There is one span to output from the data below: the lines starting at the line with "Deep red travel" and ending at the line with "Jake Scott accepts". Output it exactly, ends included, nothing more.

**GIVEN DATA**:
'''

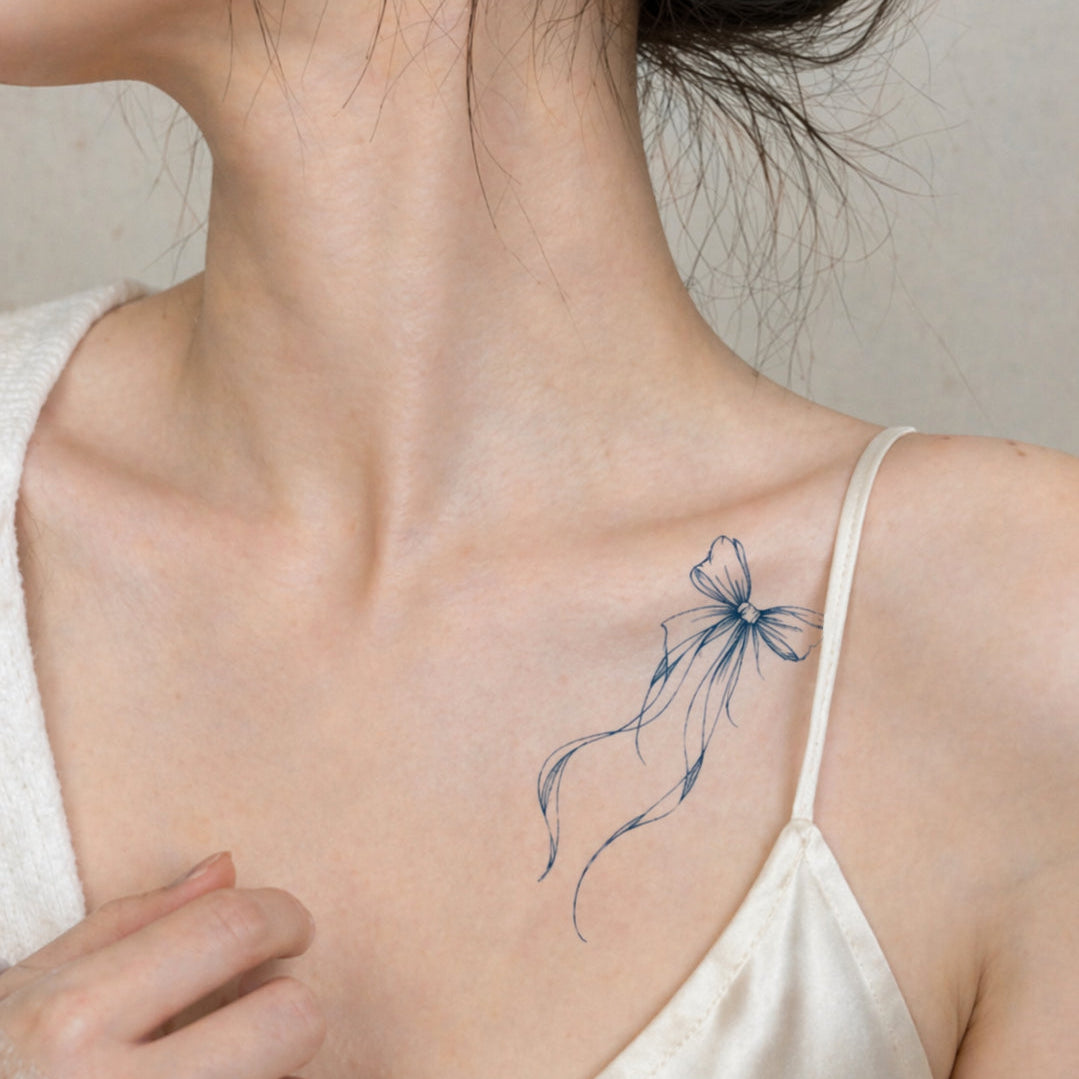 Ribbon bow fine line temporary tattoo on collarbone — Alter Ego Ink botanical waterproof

'''
'''

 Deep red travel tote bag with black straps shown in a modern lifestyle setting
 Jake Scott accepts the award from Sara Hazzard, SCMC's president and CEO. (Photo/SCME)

'''
'''

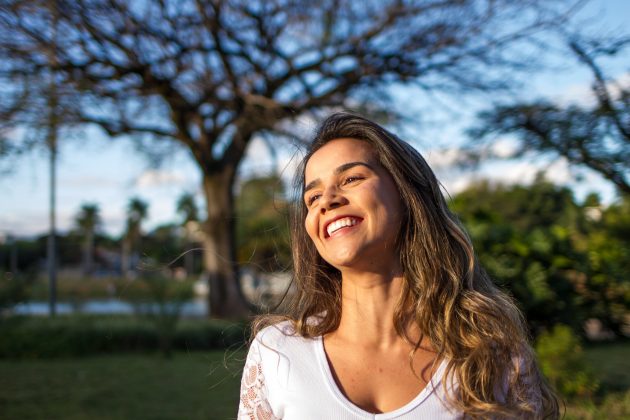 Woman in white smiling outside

'''

**ANSWER FOR THIS EXERCISE**:
 Deep red travel tote bag with black straps shown in a modern lifestyle setting
 Jake Scott accepts the award from Sara Hazzard, SCMC's president and CEO. (Photo/SCME)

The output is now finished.